#### Activity:
Since only part of the material below is wanted, output exactly the lines from the one with "2014 Ford Fusion" up to and including the one with "MARIO BARTEL/THE TRI-CITY NEWS".

#### Excerpted data:

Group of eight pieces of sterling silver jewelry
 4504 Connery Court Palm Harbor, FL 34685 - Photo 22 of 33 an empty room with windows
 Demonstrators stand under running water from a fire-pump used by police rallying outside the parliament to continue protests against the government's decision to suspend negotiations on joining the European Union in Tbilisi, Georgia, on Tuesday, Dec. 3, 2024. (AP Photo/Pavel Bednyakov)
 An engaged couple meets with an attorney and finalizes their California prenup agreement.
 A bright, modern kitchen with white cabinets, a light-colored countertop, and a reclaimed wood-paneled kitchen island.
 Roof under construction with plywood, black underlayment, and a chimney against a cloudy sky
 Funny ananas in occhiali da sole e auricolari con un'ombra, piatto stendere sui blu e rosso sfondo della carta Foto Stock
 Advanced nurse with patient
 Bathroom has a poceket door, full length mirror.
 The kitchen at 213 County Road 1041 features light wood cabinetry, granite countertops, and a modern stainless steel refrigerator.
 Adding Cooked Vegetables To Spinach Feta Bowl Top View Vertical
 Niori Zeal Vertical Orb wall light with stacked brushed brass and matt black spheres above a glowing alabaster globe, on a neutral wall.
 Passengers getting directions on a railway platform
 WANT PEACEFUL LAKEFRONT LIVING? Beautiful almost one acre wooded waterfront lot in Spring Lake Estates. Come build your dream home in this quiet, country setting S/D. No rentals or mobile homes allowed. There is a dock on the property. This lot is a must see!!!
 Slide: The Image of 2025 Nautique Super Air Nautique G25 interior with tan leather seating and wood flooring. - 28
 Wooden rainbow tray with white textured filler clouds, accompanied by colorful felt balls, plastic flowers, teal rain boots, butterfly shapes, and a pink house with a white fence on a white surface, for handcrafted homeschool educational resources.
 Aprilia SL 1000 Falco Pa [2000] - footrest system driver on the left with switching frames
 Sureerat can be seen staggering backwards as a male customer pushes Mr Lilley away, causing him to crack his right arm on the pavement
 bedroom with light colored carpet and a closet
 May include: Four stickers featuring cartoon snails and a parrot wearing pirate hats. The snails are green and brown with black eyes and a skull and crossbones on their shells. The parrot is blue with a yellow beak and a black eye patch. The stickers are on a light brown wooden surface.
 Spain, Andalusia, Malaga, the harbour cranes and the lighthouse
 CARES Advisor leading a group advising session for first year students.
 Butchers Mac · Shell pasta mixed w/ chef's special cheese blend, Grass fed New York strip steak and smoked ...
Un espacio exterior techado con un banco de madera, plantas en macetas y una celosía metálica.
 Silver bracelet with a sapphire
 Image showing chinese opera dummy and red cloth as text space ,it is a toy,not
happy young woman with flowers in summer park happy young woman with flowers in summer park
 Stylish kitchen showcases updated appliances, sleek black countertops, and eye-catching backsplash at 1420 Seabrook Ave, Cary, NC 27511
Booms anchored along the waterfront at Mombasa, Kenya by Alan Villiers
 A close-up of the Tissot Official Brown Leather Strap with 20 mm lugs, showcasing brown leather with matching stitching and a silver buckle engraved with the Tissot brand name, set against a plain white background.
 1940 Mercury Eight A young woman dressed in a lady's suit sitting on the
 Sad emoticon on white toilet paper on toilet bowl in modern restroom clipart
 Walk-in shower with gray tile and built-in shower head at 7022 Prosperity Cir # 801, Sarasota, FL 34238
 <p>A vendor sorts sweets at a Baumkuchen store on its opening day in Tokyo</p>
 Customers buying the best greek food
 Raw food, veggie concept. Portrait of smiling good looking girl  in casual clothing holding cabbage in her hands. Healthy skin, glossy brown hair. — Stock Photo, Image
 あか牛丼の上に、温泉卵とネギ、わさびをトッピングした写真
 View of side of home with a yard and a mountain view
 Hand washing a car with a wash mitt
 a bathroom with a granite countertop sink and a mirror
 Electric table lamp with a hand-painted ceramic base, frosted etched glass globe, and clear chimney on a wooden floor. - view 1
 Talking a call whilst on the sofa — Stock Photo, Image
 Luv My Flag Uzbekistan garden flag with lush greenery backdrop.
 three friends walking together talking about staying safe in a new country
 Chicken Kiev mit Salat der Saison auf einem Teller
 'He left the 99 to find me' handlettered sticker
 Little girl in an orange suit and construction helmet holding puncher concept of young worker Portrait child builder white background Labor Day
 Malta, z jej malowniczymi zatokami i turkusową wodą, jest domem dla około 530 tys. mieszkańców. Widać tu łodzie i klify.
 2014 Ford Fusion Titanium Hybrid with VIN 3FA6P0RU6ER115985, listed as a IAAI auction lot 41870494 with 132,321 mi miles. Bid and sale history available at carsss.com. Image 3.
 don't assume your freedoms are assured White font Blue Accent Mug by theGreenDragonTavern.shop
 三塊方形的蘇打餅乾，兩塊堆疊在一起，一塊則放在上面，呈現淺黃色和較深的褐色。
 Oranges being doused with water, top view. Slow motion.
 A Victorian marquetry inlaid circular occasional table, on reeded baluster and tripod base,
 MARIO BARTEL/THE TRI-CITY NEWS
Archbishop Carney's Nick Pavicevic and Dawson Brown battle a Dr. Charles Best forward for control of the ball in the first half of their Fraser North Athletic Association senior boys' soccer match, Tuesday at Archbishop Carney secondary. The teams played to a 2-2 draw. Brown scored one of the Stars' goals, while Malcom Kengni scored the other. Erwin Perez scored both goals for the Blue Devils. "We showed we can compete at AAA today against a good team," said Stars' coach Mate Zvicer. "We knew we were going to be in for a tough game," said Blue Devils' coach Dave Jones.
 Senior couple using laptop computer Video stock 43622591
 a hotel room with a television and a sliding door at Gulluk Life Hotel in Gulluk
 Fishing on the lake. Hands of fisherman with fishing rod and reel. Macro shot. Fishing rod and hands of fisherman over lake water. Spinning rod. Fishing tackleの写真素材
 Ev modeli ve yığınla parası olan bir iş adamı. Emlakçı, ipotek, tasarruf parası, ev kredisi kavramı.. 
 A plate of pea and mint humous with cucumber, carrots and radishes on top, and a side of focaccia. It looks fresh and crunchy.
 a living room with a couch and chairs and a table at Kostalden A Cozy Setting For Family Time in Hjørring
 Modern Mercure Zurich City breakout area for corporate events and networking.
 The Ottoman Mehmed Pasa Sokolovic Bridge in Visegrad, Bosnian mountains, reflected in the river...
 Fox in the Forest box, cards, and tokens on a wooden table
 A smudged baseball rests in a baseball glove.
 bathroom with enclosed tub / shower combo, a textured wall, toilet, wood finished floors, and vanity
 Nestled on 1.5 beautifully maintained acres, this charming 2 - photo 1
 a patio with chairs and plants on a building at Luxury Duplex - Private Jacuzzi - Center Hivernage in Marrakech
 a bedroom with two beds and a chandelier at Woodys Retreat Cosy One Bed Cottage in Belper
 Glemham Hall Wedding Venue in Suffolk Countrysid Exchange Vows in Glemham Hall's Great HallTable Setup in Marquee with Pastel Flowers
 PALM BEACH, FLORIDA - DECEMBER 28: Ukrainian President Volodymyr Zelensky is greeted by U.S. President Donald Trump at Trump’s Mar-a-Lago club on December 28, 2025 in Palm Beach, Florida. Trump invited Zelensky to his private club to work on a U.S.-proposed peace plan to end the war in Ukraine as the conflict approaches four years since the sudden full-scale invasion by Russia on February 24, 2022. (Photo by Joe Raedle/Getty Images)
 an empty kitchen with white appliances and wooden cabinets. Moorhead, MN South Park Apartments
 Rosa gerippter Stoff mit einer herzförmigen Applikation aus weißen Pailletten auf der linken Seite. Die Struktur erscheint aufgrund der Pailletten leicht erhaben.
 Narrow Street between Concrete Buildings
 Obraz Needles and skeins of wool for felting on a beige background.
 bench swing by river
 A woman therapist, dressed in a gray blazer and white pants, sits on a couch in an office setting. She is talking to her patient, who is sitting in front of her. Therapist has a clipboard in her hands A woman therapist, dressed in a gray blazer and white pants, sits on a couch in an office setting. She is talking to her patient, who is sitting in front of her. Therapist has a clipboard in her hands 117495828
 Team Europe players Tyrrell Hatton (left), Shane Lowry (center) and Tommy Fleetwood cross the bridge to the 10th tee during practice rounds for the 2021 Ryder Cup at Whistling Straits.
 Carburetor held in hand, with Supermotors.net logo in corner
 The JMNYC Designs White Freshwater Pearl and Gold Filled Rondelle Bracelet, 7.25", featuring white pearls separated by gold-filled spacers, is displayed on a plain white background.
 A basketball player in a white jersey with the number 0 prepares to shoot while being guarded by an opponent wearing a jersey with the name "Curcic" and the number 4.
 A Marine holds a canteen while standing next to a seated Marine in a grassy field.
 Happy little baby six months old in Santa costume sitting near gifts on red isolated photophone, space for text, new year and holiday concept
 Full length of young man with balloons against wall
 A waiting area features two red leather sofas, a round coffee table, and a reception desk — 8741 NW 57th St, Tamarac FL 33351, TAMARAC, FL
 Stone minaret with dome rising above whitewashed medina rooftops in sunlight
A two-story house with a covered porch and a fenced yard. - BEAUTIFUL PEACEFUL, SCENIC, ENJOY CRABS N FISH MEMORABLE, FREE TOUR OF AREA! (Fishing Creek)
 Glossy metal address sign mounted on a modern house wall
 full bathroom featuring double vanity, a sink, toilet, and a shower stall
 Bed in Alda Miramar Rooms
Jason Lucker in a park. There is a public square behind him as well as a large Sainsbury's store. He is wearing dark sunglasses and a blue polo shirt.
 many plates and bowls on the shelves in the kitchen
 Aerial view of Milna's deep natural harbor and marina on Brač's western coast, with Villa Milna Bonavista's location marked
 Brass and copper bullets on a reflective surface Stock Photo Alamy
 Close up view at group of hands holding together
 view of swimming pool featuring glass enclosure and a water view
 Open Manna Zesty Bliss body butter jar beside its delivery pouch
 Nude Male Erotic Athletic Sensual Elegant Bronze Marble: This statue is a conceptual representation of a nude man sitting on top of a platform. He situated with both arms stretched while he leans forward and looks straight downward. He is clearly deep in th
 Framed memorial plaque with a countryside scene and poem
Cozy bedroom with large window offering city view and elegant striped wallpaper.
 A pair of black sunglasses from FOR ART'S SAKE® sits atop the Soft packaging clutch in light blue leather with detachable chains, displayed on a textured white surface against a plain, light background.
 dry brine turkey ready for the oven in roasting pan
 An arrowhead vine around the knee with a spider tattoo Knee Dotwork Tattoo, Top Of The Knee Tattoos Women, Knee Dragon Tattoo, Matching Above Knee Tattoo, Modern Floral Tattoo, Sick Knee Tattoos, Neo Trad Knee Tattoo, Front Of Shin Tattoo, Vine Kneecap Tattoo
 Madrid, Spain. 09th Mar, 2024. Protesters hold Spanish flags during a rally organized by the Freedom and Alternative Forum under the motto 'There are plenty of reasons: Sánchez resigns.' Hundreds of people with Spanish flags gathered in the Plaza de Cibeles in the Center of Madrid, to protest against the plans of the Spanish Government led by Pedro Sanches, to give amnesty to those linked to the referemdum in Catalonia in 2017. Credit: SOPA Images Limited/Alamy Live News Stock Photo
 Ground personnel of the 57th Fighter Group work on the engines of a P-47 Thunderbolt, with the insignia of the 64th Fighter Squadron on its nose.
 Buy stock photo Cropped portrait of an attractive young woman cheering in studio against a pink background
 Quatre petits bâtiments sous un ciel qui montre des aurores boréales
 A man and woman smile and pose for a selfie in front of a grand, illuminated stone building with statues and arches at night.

#### Answer to this exercise:
 2014 Ford Fusion Titanium Hybrid with VIN 3FA6P0RU6ER115985, listed as a IAAI auction lot 41870494 with 132,321 mi miles. Bid and sale history available at carsss.com. Image 3.
 don't assume your freedoms are assured White font Blue Accent Mug by theGreenDragonTavern.shop
 三塊方形的蘇打餅乾，兩塊堆疊在一起，一塊則放在上面，呈現淺黃色和較深的褐色。
 Oranges being doused with water, top view. Slow motion.
 A Victorian marquetry inlaid circular occasional table, on reeded baluster and tripod base,
 MARIO BARTEL/THE TRI-CITY NEWS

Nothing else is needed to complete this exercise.